The action makes use of the Wayback Machine Availability API
The input file format is assumed to follow that produced by lychee (e.g. as can be produced by the lycheeverse/lychee-action GitHub action).
If the replacements-path
input property is set, then a file is written in JSON format. The data includes a list (missing
) of any URLs that did not have snapshots, and a list (replacements
) with pairs of the original URL and a corresponding Wayback Machine URL. You could use this data to do a find/replace in the source document(s).
The missing
and replacement
value are also set as output properties.
If a timestamp is supplied to the Wayback Machine API, then the closest snapshot to that date is returned. The timestamp is obtained via a regular expression that is applied to the input URL. The regular expression must at least return a named group year
, and optionally month
and day
. See the tests for an example.
I was looking at adding automated accessibility checking to my blog. In doing this, I discovered I'd accrued a lot of broken links over the years, and these seem to be impacting the accessibility scanning tool. Adding lycheeverse/lychee-action was useful, but it generated a long list of broken links, and I figured there must be a way to automate the fixing of many of the broken links.

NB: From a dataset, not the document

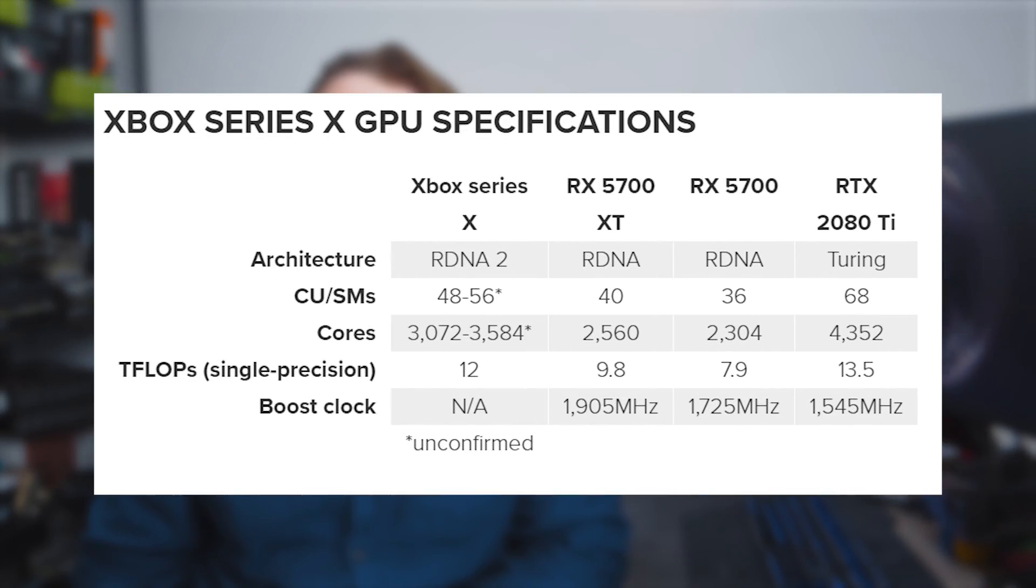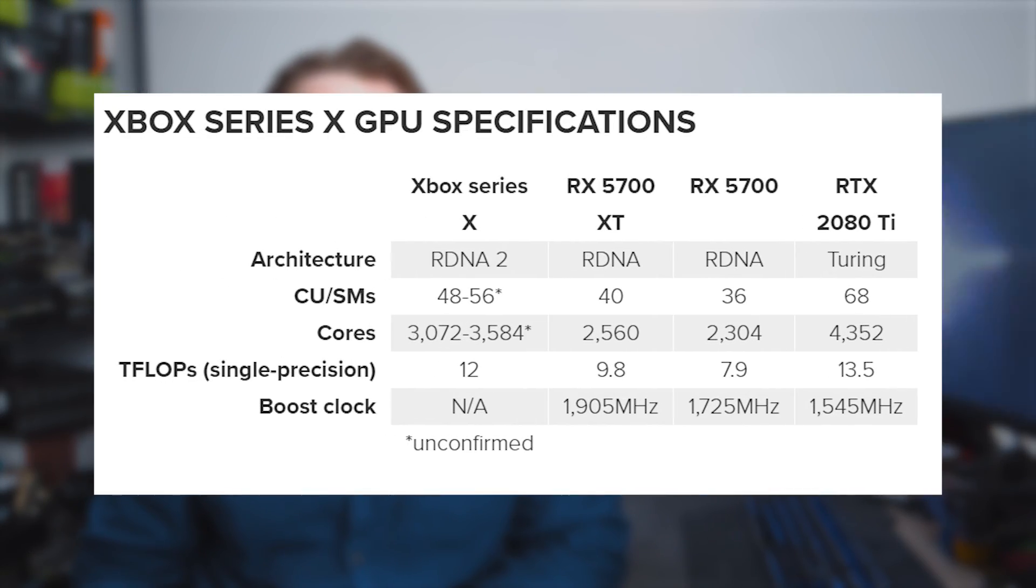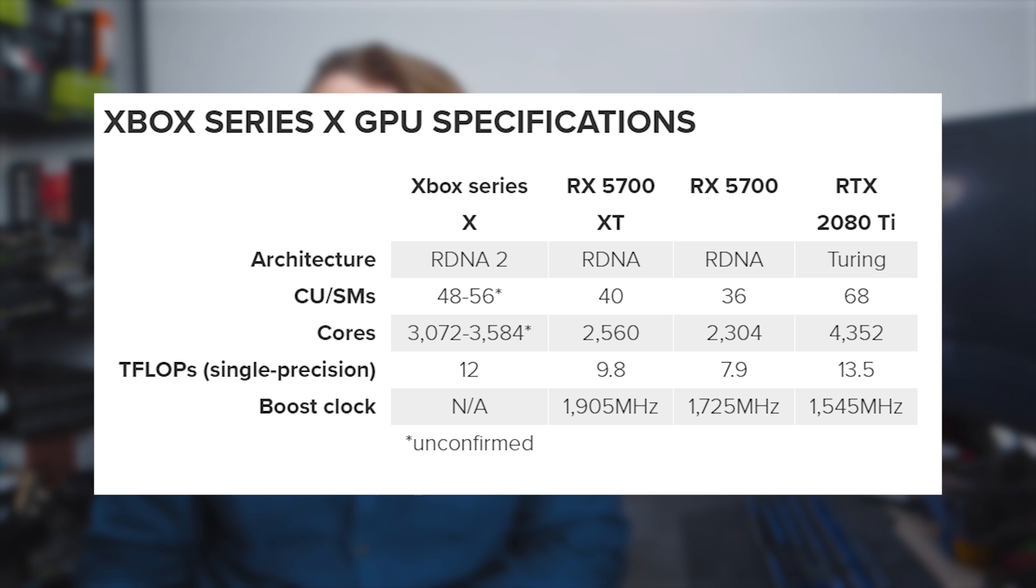It's also some 12% faster across our benchmarking suite than the RX 5700, which sits at 7.9 teraflops compute performance. By that logic, an RDNA GPU with 12 teraflops would manage performance capable of breaking into the upper echelons of NVIDIA's high-end RTX 20 series graphics cards and would be at least 12% faster than the RX 5700 XT.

- uses: flcdrg/wayback-machine-query-action@v1
id: wayback
with:
source-path: # path to input JSON file
replacements-path: # (Optional) path to output JSON file
timestamp-regex: # (Optional) regex to extract a timestamp from the input URL
{
"error_map": {
"dist/2006/12/mbunit-23-rtm.html": [
{
"url": "http://weblogs.asp.net/astopford/archive/2006/12/07/mbunit-2-3-rtm.aspx",
"status": {
"text": "Network error",
"code": 404
}
}
],
"dist/2005/09/dr-neil-touring-australia.html": [
{
"url": "http://blogs.msdn.com/charles_sterling/archive/2005/09/22/472684.aspx",
"status": {
"text": "Network error",
"code": 404
}
},
{
"url": "http://www.dotnetsolutions.com.au/xp.aspx",
"status": {
"text": "Network error",
"code": 404
}
}
]
}
}
{
"missing": [
"http://www.sqlsnapshots.com/SQLSnapshotsMP3Feed.xml",
],
"replacements": [
{
"find": "http://www.microsoft.com/windowsserver2003/technologies/networking/ipsec/default.mspx#EGAA",
"replace": "http://web.archive.org/web/20050404133316/http://www.microsoft.com:80/windowsserver2003/technologies/networking/ipsec/default.mspx",
},
{
"find": "http://www.sqlserver.org.au/",
"replace": "http://web.archive.org/web/20090217192805/http://www.sqlserver.org.au:80/",
},
{
"find": "http://www.microsoft.com/resources/documentation/windowsnt/4/server/reskit/en-us/reskt4u4/rku4list.mspx?mfr=true",
"replace": "http://web.archive.org/web/20091206231445/http://www.microsoft.com:80/resources/documentation/windowsnt/4/server/reskit/en-us/reskt4u4/rku4list.mspx?mfr=true",
},
],
}
Lychee 0.18.0 changed the JSON schema. fail_map
was renamed to error_map
. Version 4 of this action is updated to follow this change.